▶ Extracted entries
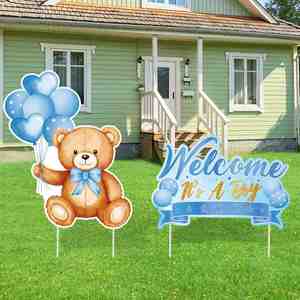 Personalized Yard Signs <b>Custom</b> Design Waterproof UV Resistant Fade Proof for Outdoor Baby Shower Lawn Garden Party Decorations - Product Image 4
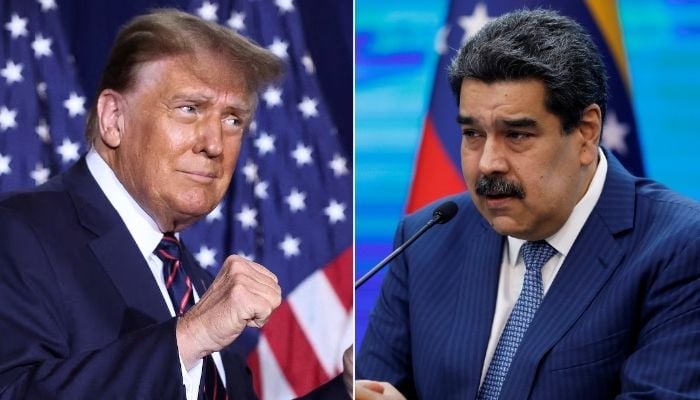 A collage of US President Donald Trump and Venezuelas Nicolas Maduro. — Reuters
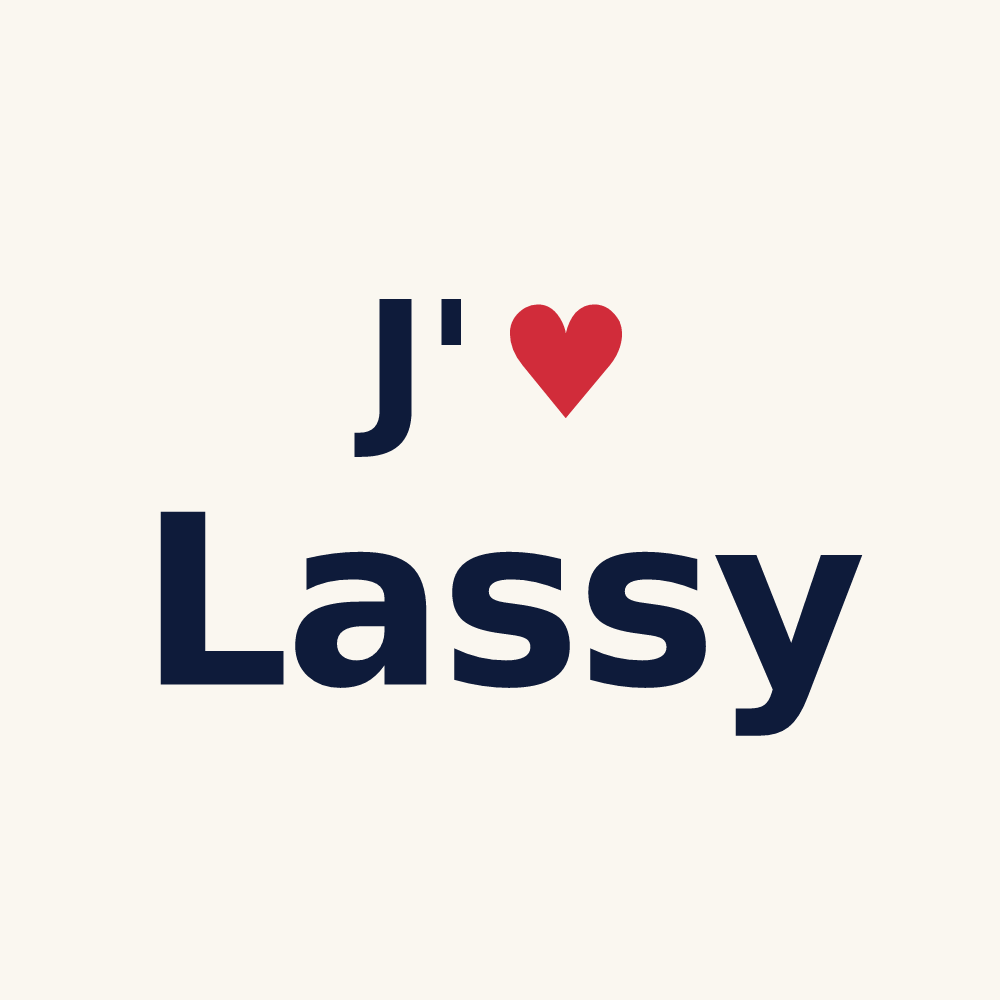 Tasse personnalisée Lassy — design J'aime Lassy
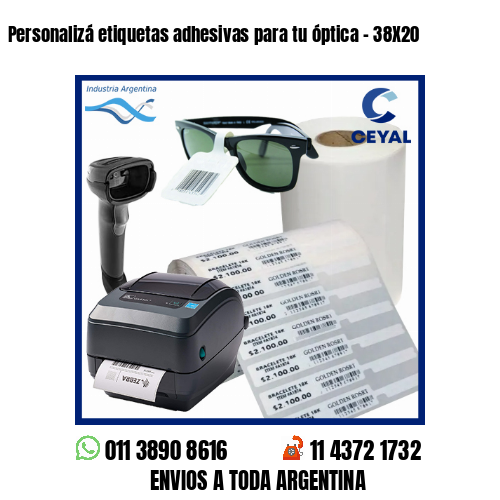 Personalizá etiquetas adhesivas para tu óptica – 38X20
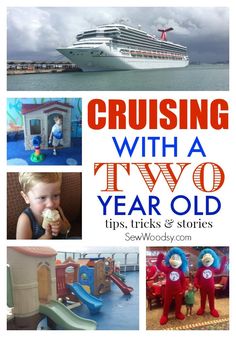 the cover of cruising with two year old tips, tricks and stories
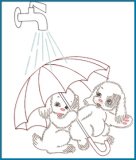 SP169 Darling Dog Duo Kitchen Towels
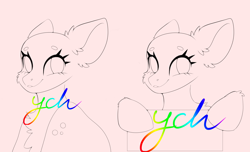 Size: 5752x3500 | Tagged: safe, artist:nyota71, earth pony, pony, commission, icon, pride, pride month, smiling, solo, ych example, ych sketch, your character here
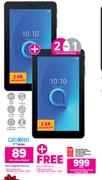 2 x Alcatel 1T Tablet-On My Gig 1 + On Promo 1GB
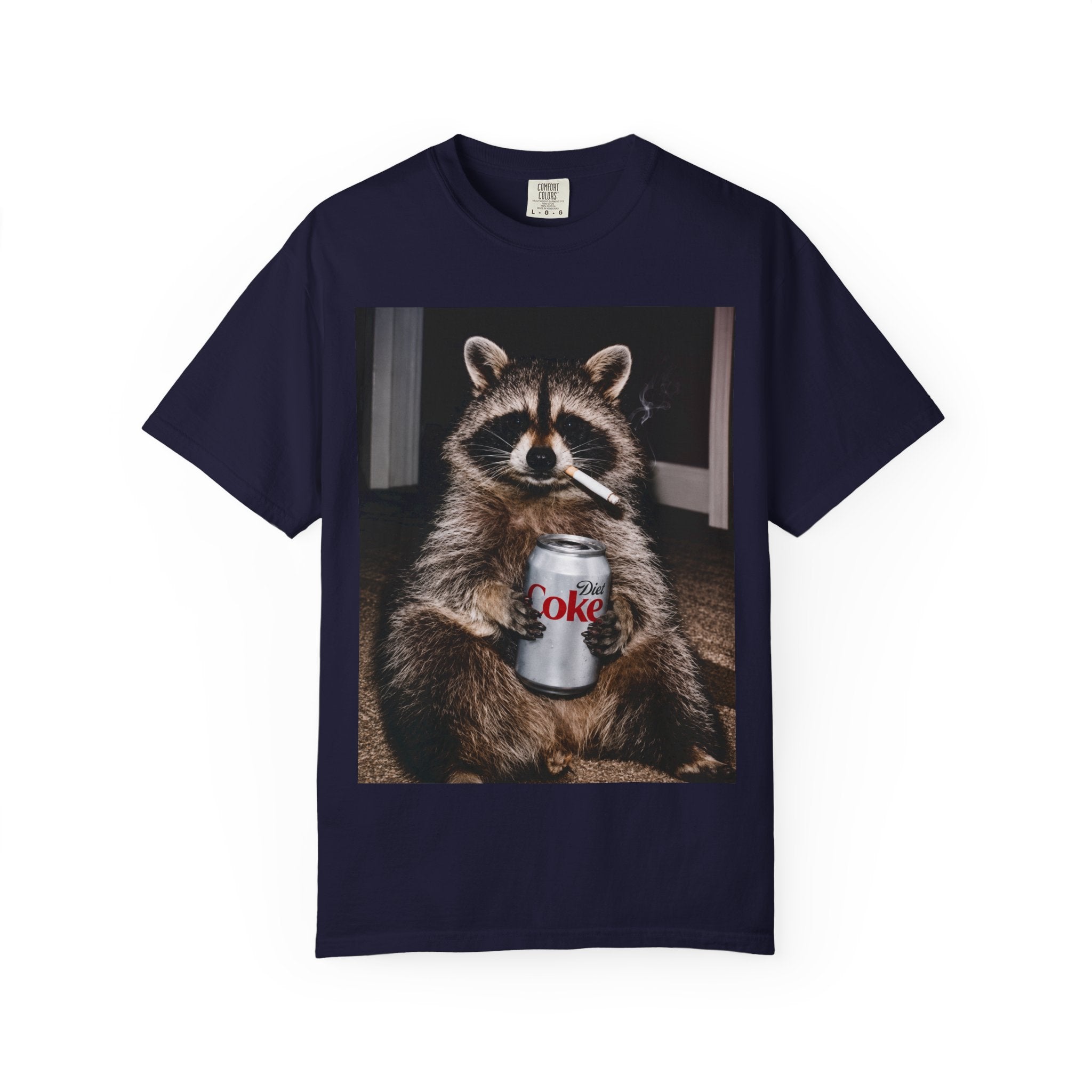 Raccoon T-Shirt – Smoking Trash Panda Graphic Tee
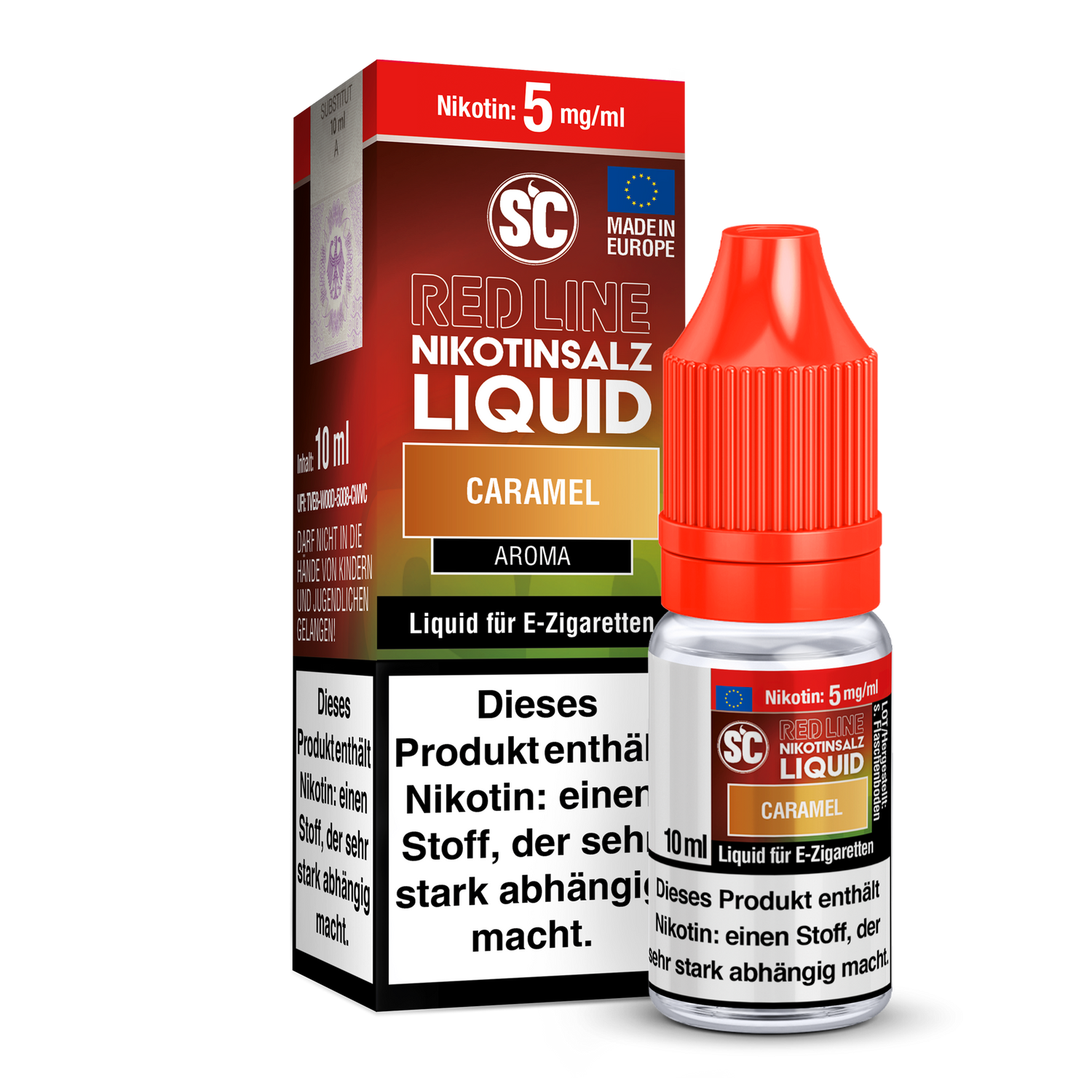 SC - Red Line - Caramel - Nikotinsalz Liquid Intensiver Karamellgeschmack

▶ Work order
Up to and including the line with "A collage of", repeat every line from the top of the entries exactly, but not the pictures.

▶ Result of this exercise
 Personalized Yard Signs <b>Custom</b> Design Waterproof UV Resistant Fade Proof for Outdoor Baby Shower Lawn Garden Party Decorations - Product Image 4
 A collage of US President Donald Trump and Venezuelas Nicolas Maduro. — Reuters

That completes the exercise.